Almost done, a little work on the oil system, throttle linkage, and then to build. If you want to see the guts, download dwf viewer at autodesk.com its free, and if nothing else you can play with the model. I am using the flywheel from my 4 Cylinder, to give some momentum, and cooling.
PS The file is to big 4 MB if you want the file drop me a PM

Jack
Draw-Tech


----------



## hedgehog (Jun 28, 2014)

very nice  drawing there.  i would like to follow the build if you post it


----------



## Draw-Tech (Jul 23, 2014)

Hi All

Been working a lot on the Cam and push rods, going pretty good, all I Have to do is time the valves to the cam.
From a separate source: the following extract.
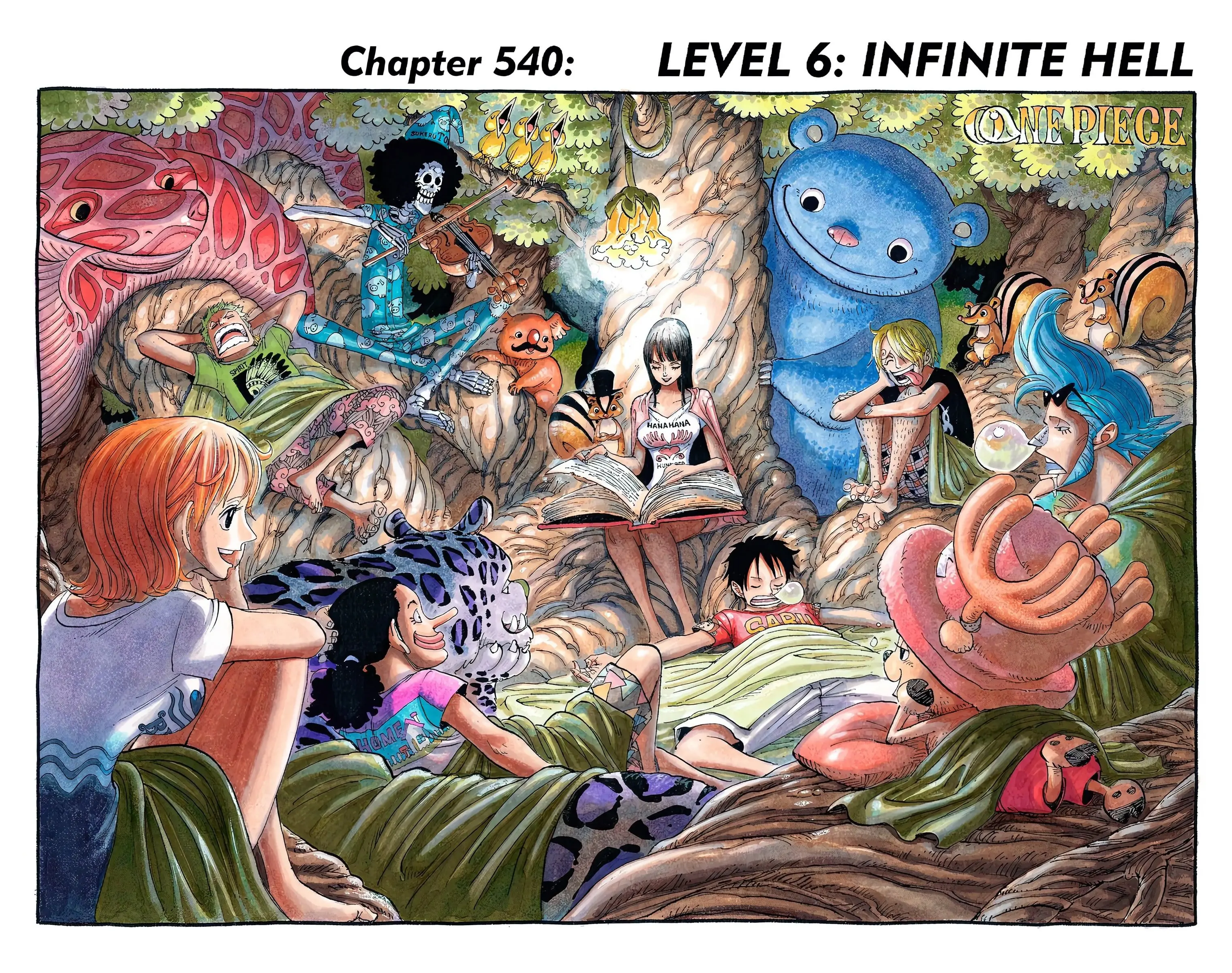 One Piece Colored, chapter 540, page 1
Got the gears figured, added a starter motor with brushes, to convert to a generator once the motor is running. Included a dwf file in the zipped file,to view the model, download the dwf viewer from autodesk.com look on the first page at the lower left, as soon as I have finished I will post the full dwf. To view, and measurements can be taken. (Warning)  I change things a lot, so no guarantee, and no promises. This is not the final drawings. If anybody has a chart to show the cam angle between the (4) cams, it would help a lot. By the way the flywheel diameter is 2.8"
  Jack
  Draw-Tech 






View attachment Knucklehead_V-Twin_Gear_Trane.pdf


View attachment KH_Gears.zip


----------



## necchiom (Jul 28, 2014)

With compliment! Nice project.


----------



## Swifty (Jul 28, 2014)

Very nicely drawn, a few prints of that framed would make any workshop look great.

Paul.


----------



## Draw-Tech (Jul 29, 2014)

Hey All

Updated oil system

Jack
Draw-Tech


----------



## johnmcc69 (Jul 29, 2014)

That's some nice work Jack!

John


----------



## Cabbagestack (Feb 3, 2018)

Draw-Tech said:


> Hi all
> 
> Almost done, a little work on the oil system, throttle linkage, and then to build. If you want to see the guts, download dwf viewer at autodesk.com its free, and if nothing else you can play with the model. I am using the flywheel from my 4 Cylinder, to give some momentum, and cooling.
> PS The file is to big 4 MB if you want the file drop me a PM
> ...


 

I see a few jpegs but no plans. What's the deal ??


----------



## Cogsy (Feb 4, 2018)

Cabbagestack said:


> I see a few jpegs but no plans. What's the deal ??


 
They're available at THIS LINK


----------



## john williams (May 27, 2018)

hi ,is there an issue with the above as it just come up with a error message


----------



## Cogsy (May 29, 2018)

john williams said:


> hi ,is there an issue with the above as it just come up with a error message


The new forum has a different link so the old one is broken, try THIS LINK.


----------



## minh-thanh (May 30, 2018)

Very nice drawing .


----------



## john williams (May 31, 2018)

hi cogsy many thanks for the info,have got them  
john


----------